Why is it wrong to have an income cap on social security?, which is $103,000 and increases each year with inflation. Benefits paid under social security are progressive, meaning that lower income people received a larger benefit than people at the top end of the cap. So are you advocating lifting the tax cap, keeping the tax rate the same and have no increase in the benefit cap? How would that be fair? That would be income redistribution. That would also be a major tax increase for employers and employees who make over $103,000. If you are going raise the cap for taxes you have to raise the benefit cap also.

Anonymous said...

Joshua:

I think that we should have had a war tax surcharge to pay for the Iraq war. We should not be paying for this with borrowed money. If the purpose of the war was to keep America safe, then we should all pay for it. I am a conservative, and I am sick of the all of the spending the Bush administration has done. He has spent more money then democratic administrations.

We are so off topic on this tread. So, I will say this, I am very skeptical of global warming, and it has nothing to do with protecting the oil companies, etc. However, I would like to see light rail be increased in Wisconsin. I live in the Lake Geneva area and I drive down to Fox Lake to hop on the Metra train to get to downtown Chicago, I love it, beats driving. I would never give up my truck (I need to tow my boat), but I would not mind having a choice on which mode of transportation I would like to take.

I disagree with the Climate Change legislation, but if it has to be done, it needs to be done on the Federal level not on a state level, and it has to be enacted by ALL countries, no exceptions for China and India

Joshua Skolnick said...

As for social security tax, I would agree with having a cap if it were firewalled off from the rest of government functions and not used as a cash cow for other programs. I would rather see the rate decreased to perhaps 3 to 5 percent, no employer contribution, and to apply it to all forms of income, including investments, dividends, etc. And, get rid of the benefit cap as well. What if you are an investor and your investments go sour later and you have no wage income to pay in benefits. Your payments in during fat times will ensure you still get something.

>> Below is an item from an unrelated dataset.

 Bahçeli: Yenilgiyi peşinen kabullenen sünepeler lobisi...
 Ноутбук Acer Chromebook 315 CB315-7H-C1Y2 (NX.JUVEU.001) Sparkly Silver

And, it should be firewalled off to prevent other government programs to be funded off the taxes.

Joshua Skolnick said...

Jim, at least you are a conservative in the classic sense, who actually stands for conserving our resources, and for a reasonable go-slow approach to things. This is in contrast to the radical, reactionary right who really only stands for crony capitalism and wars without paying for them.

As for global climate change, and transportation, and other issues, you at least seem to be willing to listen to reason. Transportation alternatives are vital to decrease our dependency on foreign oil, on cars that are used up and thrown away in 10-15 years, causing gross waste.

Did you know that three train stations (Williams Bay, Lake Geneva and Walworth) served the Geneva Lakes area up until the 60s and 70s? That there was over 250 miles of electrified light rail service feeding into Milwaukee, Kenosha, Racine, Waukesha, Burlington and East Troy until the 1940's-60's? The Fox Lake line that you use once had passenger service to Walworth via the Milwaukee Road; the station there still exists and is used as a storage building. The still-existing tracks could easily be upgraded and passenger service returned to Walworth.

The worst folly was to destroy the historic Lake Geneva train station, tear up the train line north of McHenry, IL, to Williams Bay and seal the fate of excessive traffic congestion in Lake Geneva. If you think about it, if the train still served Lake Geneva, people coming for the weekend from Chicago would not have to shovel 20-40 dollars in their gas tanks and that money would be left to spend in the local economy. One of the best things we can do in light of high fuel prices and peak oil would be to restore the trains to

However, if you follow Wisconsin politics, the reactionaries (I would not call them conservative) in the State Assembly fight trains tooth and nail, the evidence of which is why all the commuter lines stop at the Illinois border, despite population densities and potential user bases in Walworth County higher than Harvard, Illinois, which still has relatively frequent Metra service.